• WHAT THIS TASK INVOLVES: Return the full set of entries below exactly, leaving every image out.

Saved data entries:
● ● ●
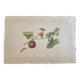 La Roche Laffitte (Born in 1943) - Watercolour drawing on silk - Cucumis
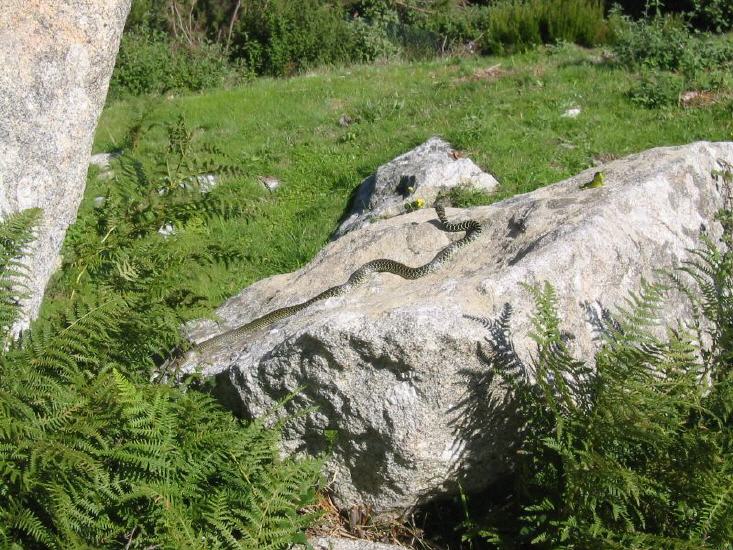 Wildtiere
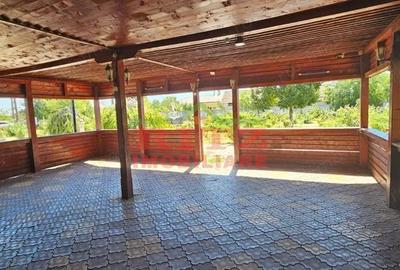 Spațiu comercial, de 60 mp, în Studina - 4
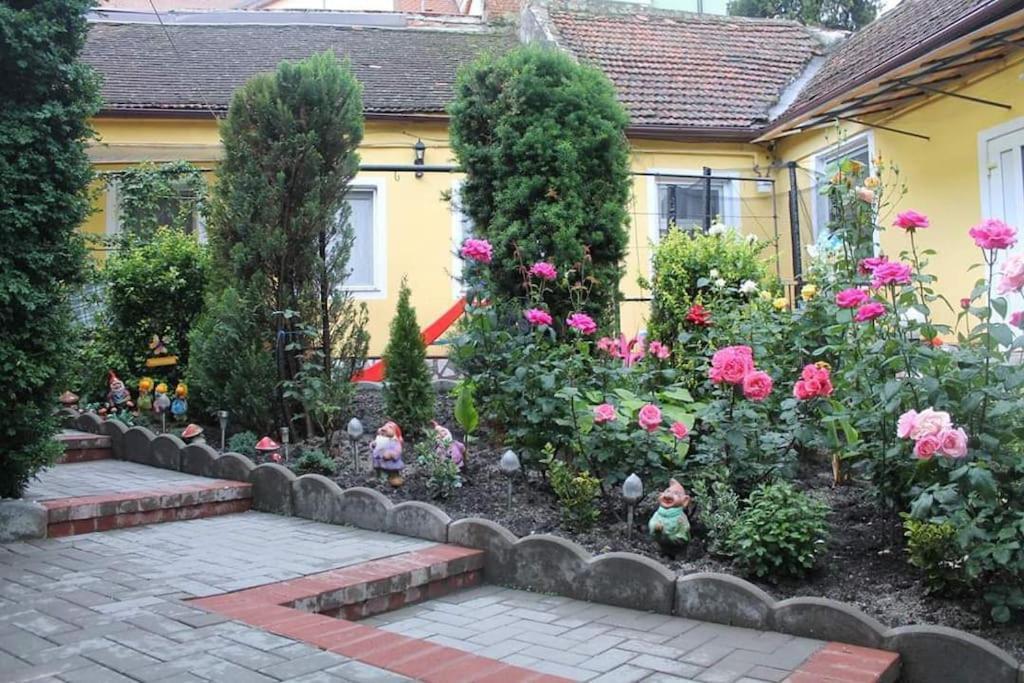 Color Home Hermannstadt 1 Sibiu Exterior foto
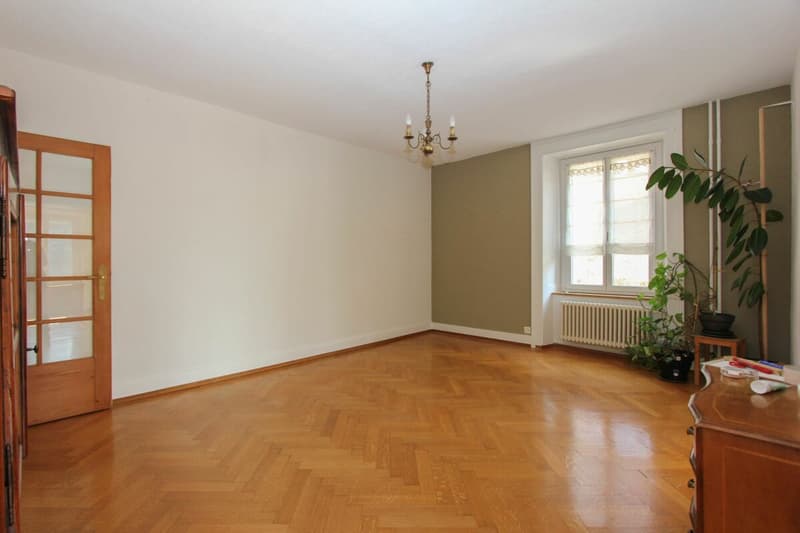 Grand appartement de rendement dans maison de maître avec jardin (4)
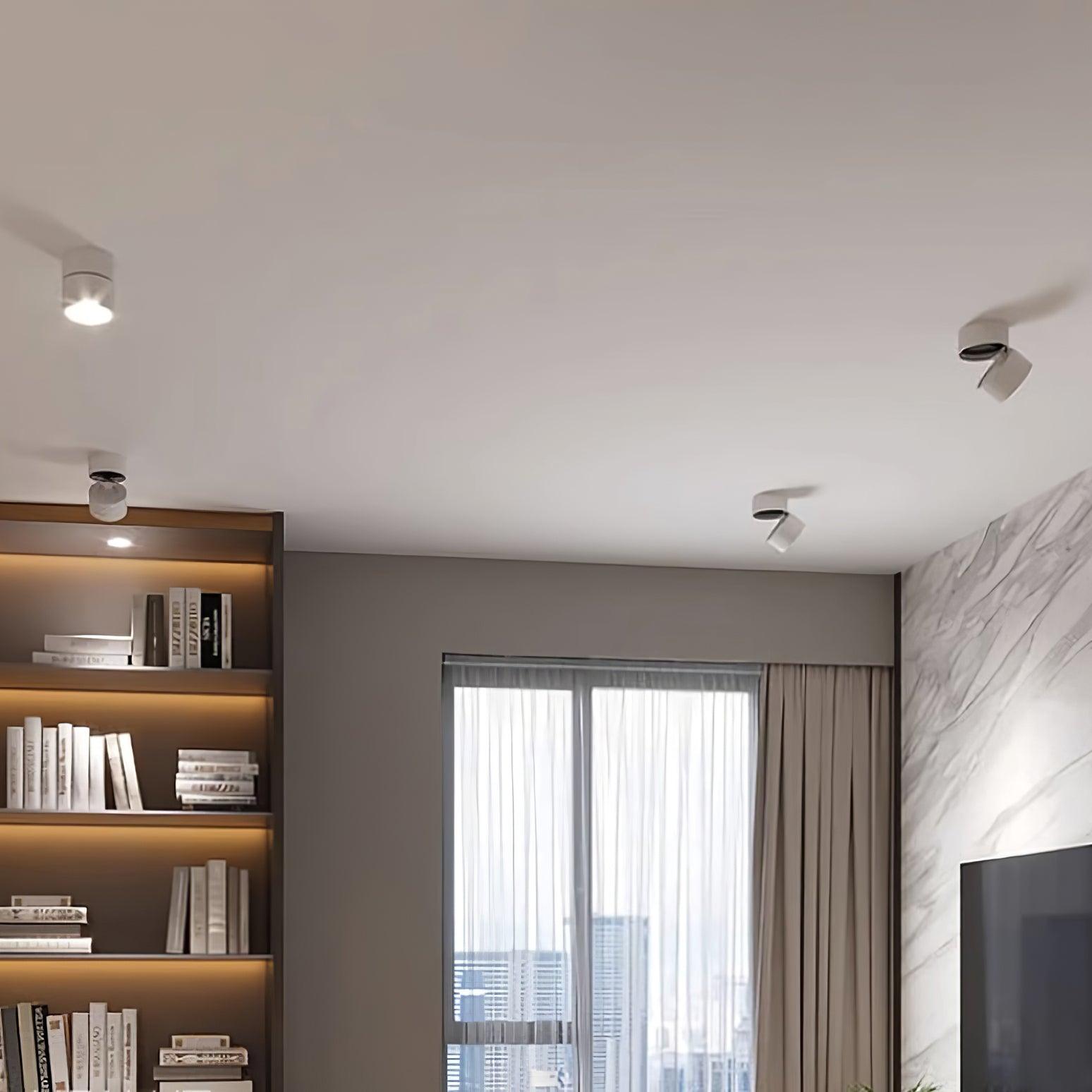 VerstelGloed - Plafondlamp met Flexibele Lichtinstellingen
● ● ●
• COMPLETED EXERCISE:
 La Roche Laffitte (Born in 1943) - Watercolour drawing on silk - Cucumis
 Wildtiere
 Spațiu comercial, de 60 mp, în Studina - 4
 Color Home Hermannstadt 1 Sibiu Exterior foto
 Grand appartement de rendement dans maison de maître avec jardin (4)
 VerstelGloed - Plafondlamp met Flexibele Lichtinstellingen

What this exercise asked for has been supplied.